▸ **Dataset**

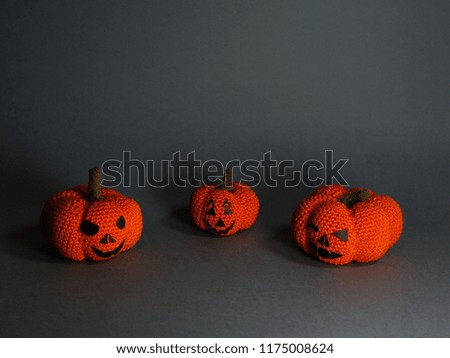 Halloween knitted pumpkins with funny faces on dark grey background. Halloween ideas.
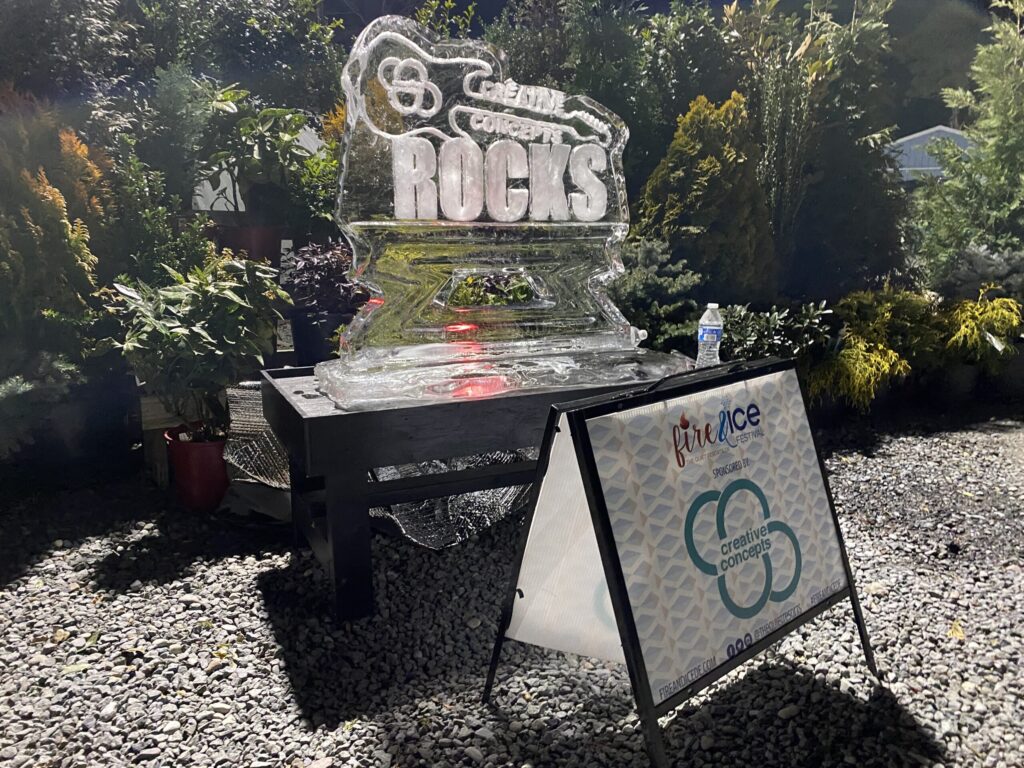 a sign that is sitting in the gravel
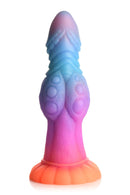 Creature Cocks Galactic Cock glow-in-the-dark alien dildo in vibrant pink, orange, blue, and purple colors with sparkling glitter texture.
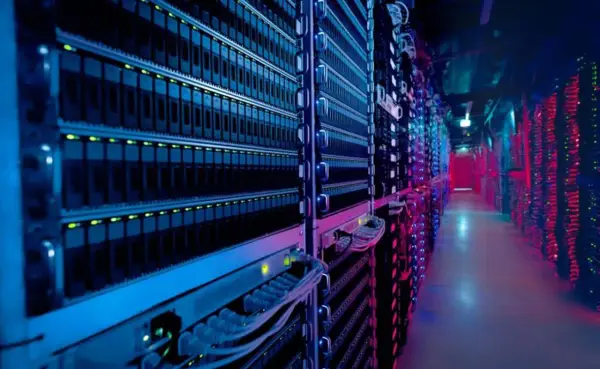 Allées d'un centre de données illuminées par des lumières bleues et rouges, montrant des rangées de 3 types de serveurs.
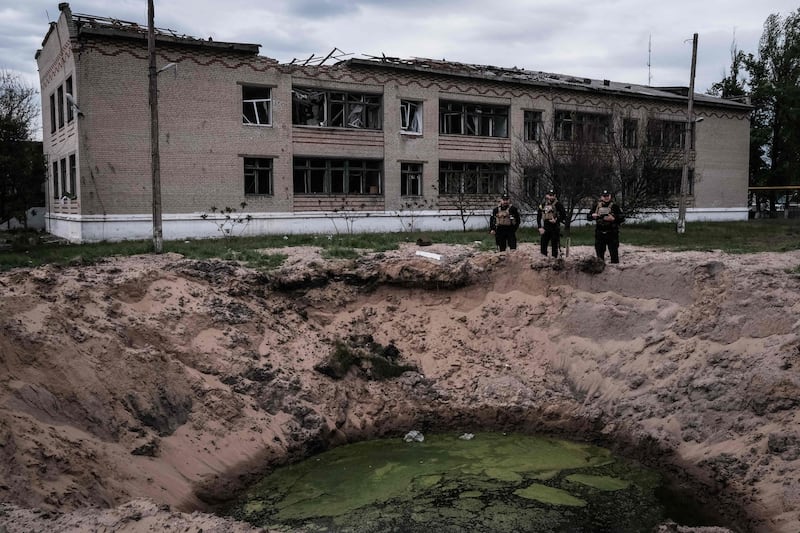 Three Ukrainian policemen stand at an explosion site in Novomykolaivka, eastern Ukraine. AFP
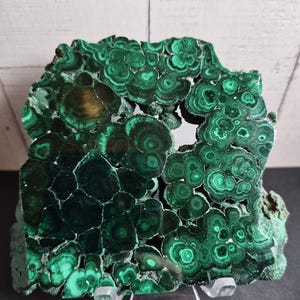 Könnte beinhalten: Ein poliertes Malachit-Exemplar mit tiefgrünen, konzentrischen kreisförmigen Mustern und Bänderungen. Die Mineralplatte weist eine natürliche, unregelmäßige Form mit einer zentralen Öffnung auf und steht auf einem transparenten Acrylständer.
...
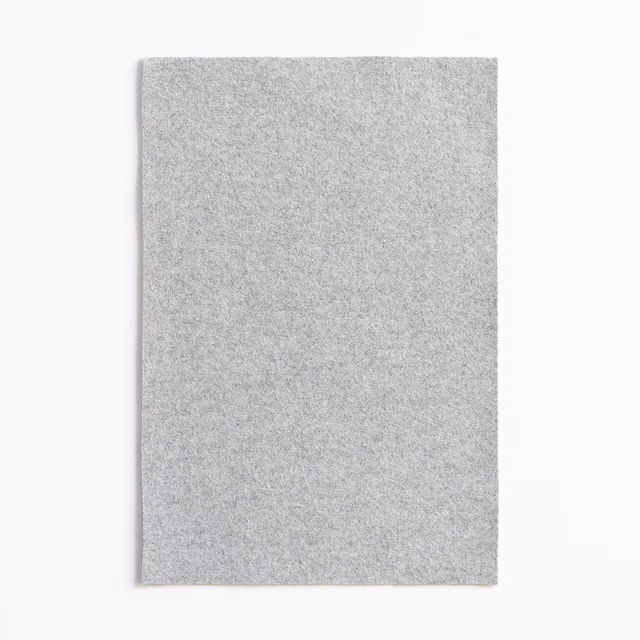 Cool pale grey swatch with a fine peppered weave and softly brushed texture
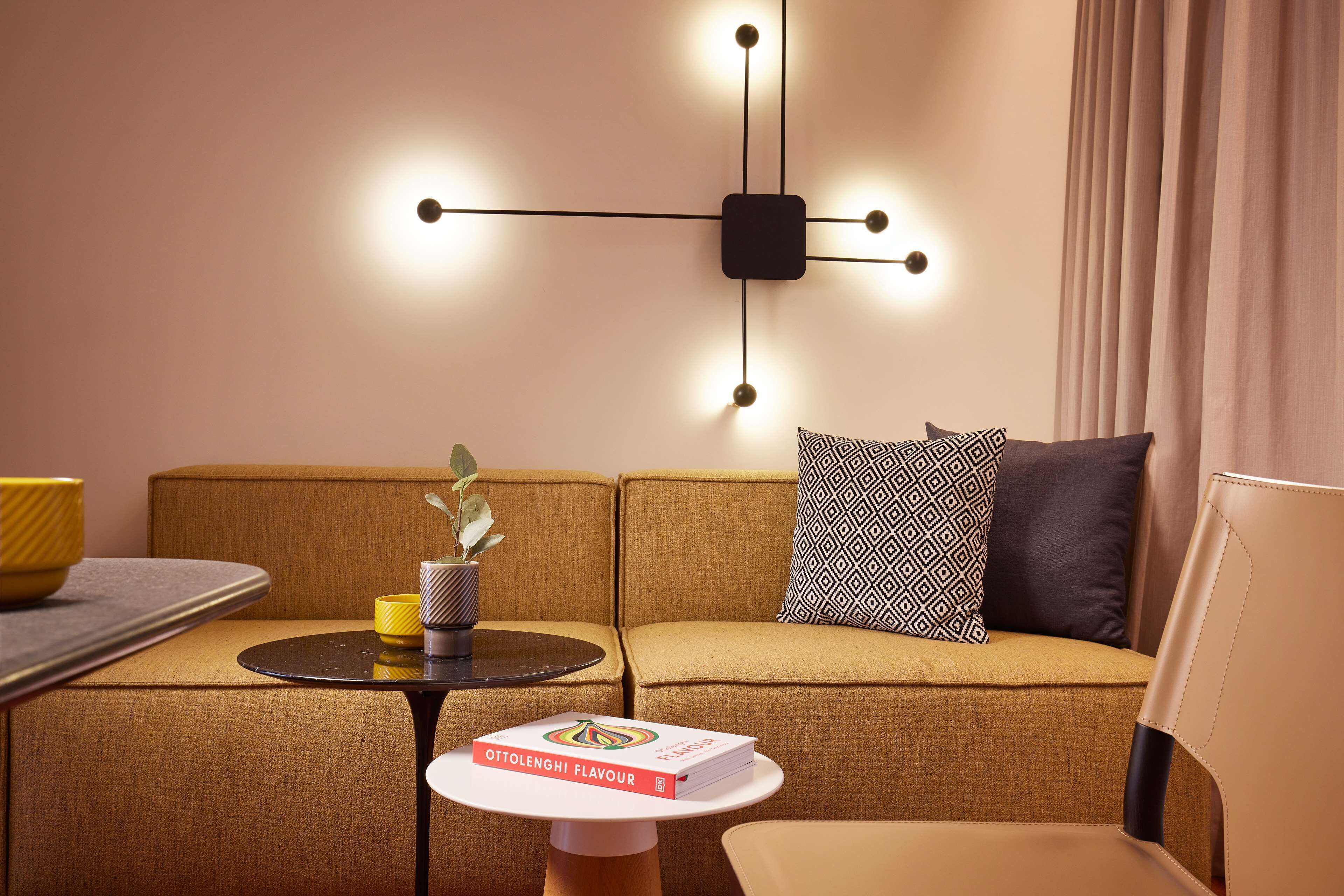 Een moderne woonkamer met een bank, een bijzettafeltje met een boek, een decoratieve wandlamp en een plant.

▸ **What is needed**
Copy exactly the material above from the line with "Halloween knitted pumpkins" to the line with "Creature Cocks Galactic", ends included, and nothing else. Leave out any picture.

▸ **Response box**
 Halloween knitted pumpkins with funny faces on dark grey background. Halloween ideas.
 a sign that is sitting in the gravel
 Creature Cocks Galactic Cock glow-in-the-dark alien dildo in vibrant pink, orange, blue, and purple colors with sparkling glitter texture.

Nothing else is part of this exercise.